_EXERCISE AIM_
Given the records below, the lines starting at the line with "KLE250 オーナーズツール" and ending at the line with "Ted Smith Human Resources A to Z (Tascabile)" should be output exactly, both end lines kept and pictures left out.
══ DATA SHOWN ══
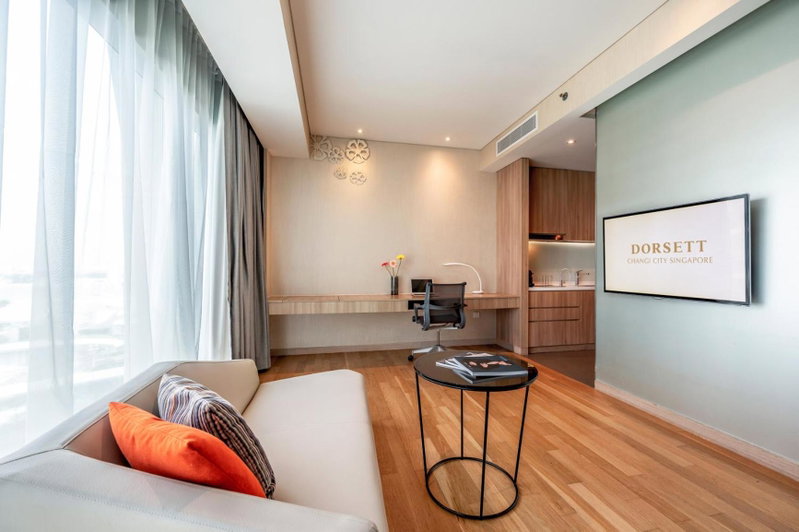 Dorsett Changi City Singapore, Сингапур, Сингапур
═══
══ DATA SHOWN ══
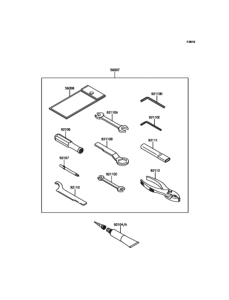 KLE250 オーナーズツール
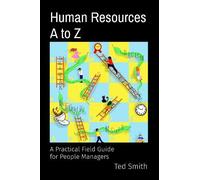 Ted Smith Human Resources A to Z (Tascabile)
═══
══ DATA SHOWN ══
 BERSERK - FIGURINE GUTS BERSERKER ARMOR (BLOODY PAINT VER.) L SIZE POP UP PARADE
═══
_RESPONSE TO THE EXERCISE_
 KLE250 オーナーズツール
 Ted Smith Human Resources A to Z (Tascabile)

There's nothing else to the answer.